Ein Album, das zu 100 Prozent unseren aktuellen Status und ein weiteres echtes EVILE-Werk darstellt! Das mag vermessen, oder gar arrogant klingen, aber du kannst mir glauben, daß wir innerhalb der Band unsere heftigsten Kritiker sind, wenn auch zugleich wohl unsere größten Fans. Das Arbeiten war deshalb phasenweise wirklich stressig, weil wir ungemein intensiv geackert haben. Doch wir haben uns intern darauf verständigt, in demokratischer Manier nur das Beste aufzunehmen und auch abzuliefern.
Ich darf Dir schon einmal meine ersten Höreindrücke vermitteln, ehe du mich dann wissen läßt, was Du von meiner Meinung hältst, okay?
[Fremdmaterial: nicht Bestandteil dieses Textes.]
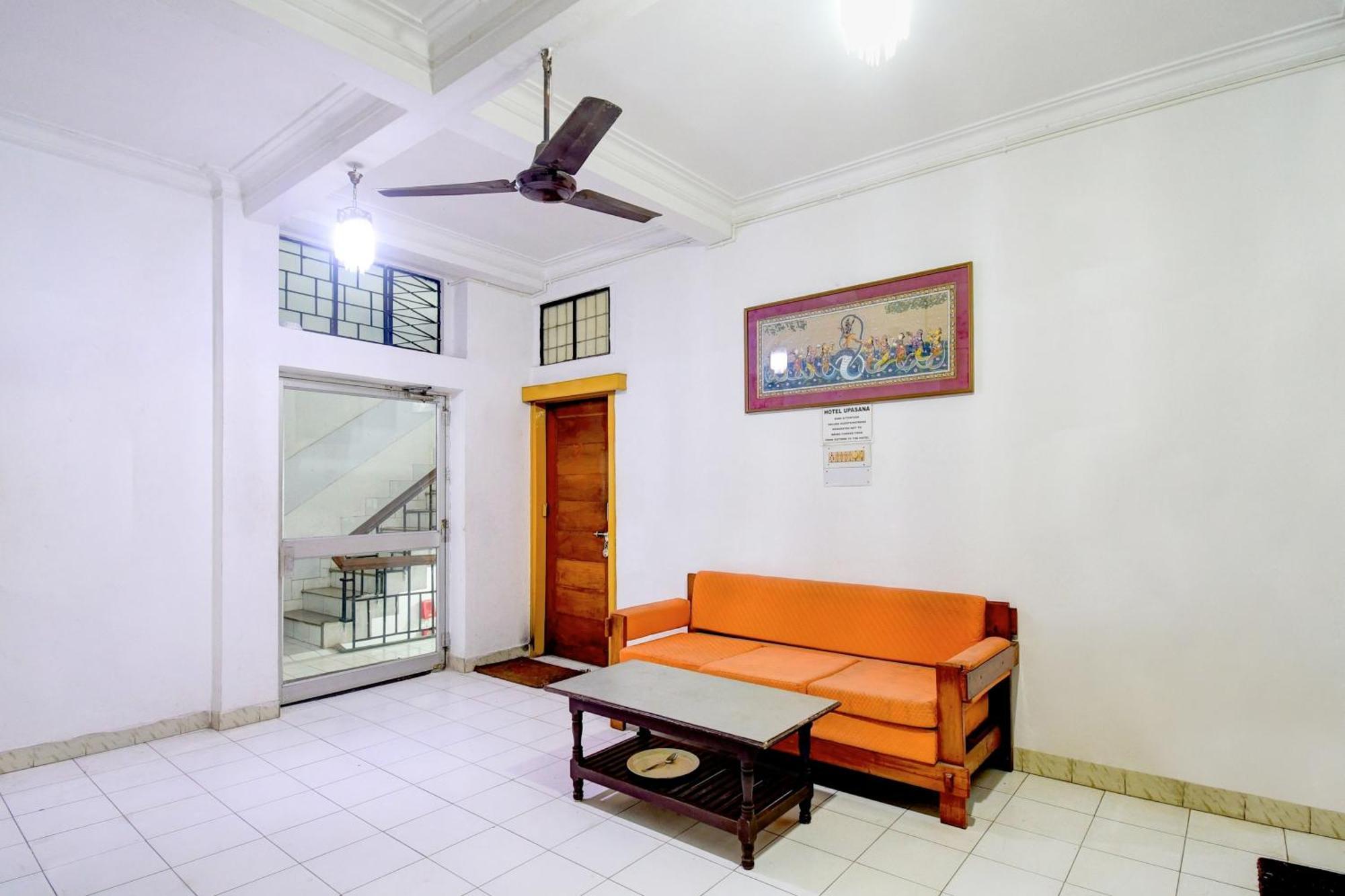 Hotel O Upasana Bhuvanéšvar Exteriér fotografie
Na, da bin aber gespannt...
Also: Nach den ersten Durchläufen ist mir aufgefallen, daß Ihr zwar ein wenig kontrollierter klingt, zugleich aber ganz offensichtlich Eure Vorliebe für die ganz, ganz frühen METALLICA erneut hervorkehrt. Irgendwelche Einwände?
Ehrlich gesagt nicht. Im Gegenteil, damit triffst Du des Pudels Kern durchaus. Auch wenn wir uns nicht bewußt an den frühen METALLICA orientiert haben, ist uns das auch selbst aufgefallen. Allerdings halten wir das auch für keine Schande, sondern empfinden es vielmehr als Ehre. Völlig leugnen können wir den Einfluß ja ohnehin nicht, und da wir zudem einst als METALLICA-Coverband begonnen haben, liegt der Querverweis ja regelrecht auf der Hand.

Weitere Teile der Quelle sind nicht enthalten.